Reaching for chmod 777 to fix a permission error. It "works" by removing all protection - it's a security hole, not a fix. Identify which user needs access (ps aux | grep <process>), then grant the minimum: usually chmod 640 plus chown appuser:appgroup.
> vs >>. > truncates the file before writing. Point it at a log another process is reading and you've wiped it. Use >> to append to existing files.
Jumping straight to kill -9. Try SIGTERM first - give the process a chance to shut down cleanly. kill -9 is the last resort, not the first move.

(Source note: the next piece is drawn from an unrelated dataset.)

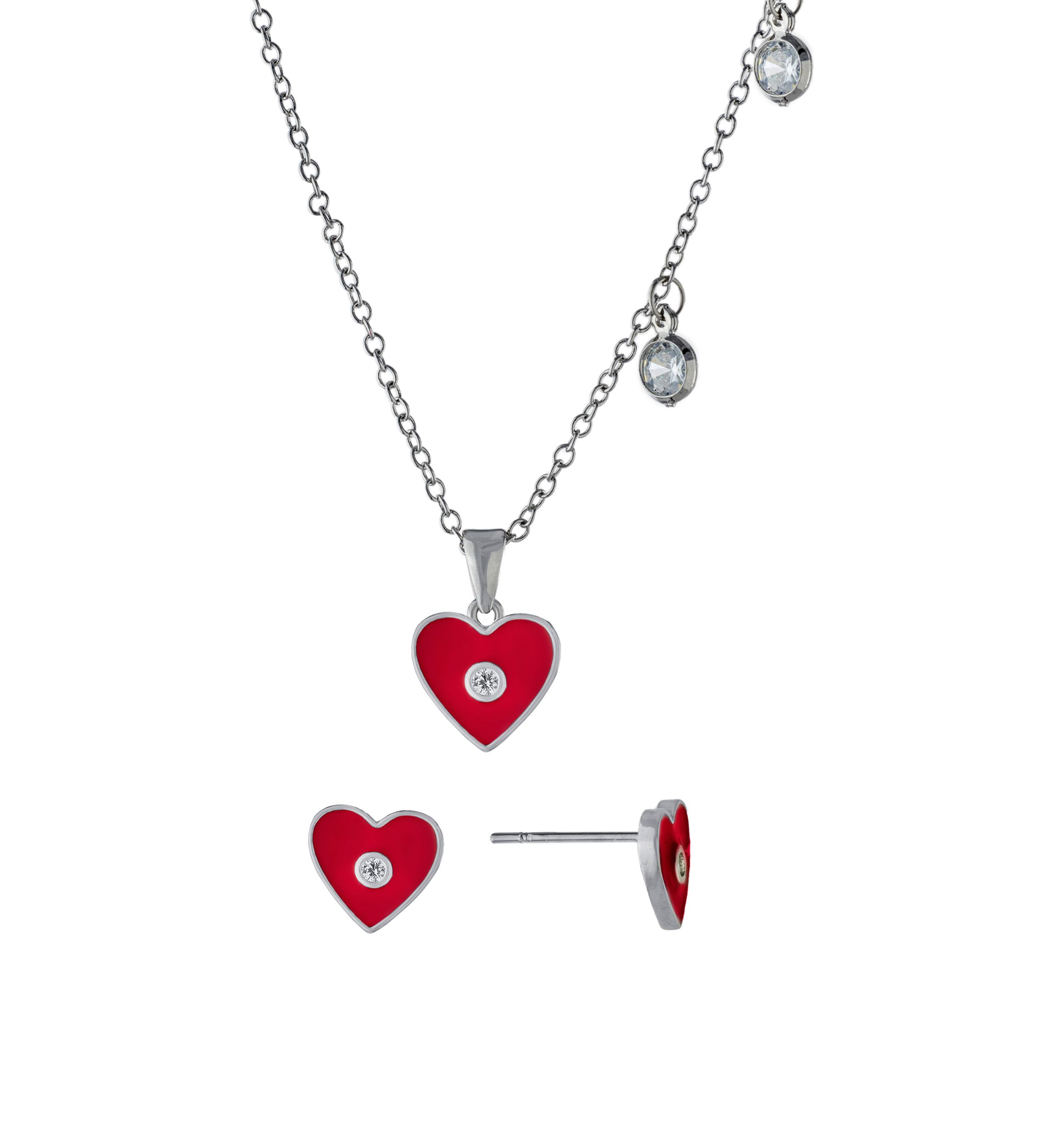 Boxed Fine Silver Plated Red Enamel and Cubic Zirconia Heart Necklace and Stud Earring Set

Trusting ping as a connectivity test. ICMP is frequently blocked by firewalls and cloud security groups. A host that ignores ping may still serve HTTP fine. Test the actual port with curl or nc.
Where to Go From Here
The only way this sticks is by doing it. Spin up a cheap server (a DigitalOcean droplet or an AWS EC2 free-tier instance) and, using only the terminal:
- Create a non-root user, give it
sudo, and lock down SSH key permissions. - Install and run Nginx as a systemd service - then read its logs with
journalctl. - Deliberately break it (wrong permissions on the web root, a config typo) and use
systemctl status,journalctl, andssto diagnose and fix it. - Fill up a disk with
dd, watch a service fail, and clean it up.
Do that loop a few times and the commands stop being a list to memorize - they become reflexes. That's the whole goal. From here, Docker, Kubernetes, and Terraform all make far more sense, because they're just orchestrating the Linux primitives you now understand.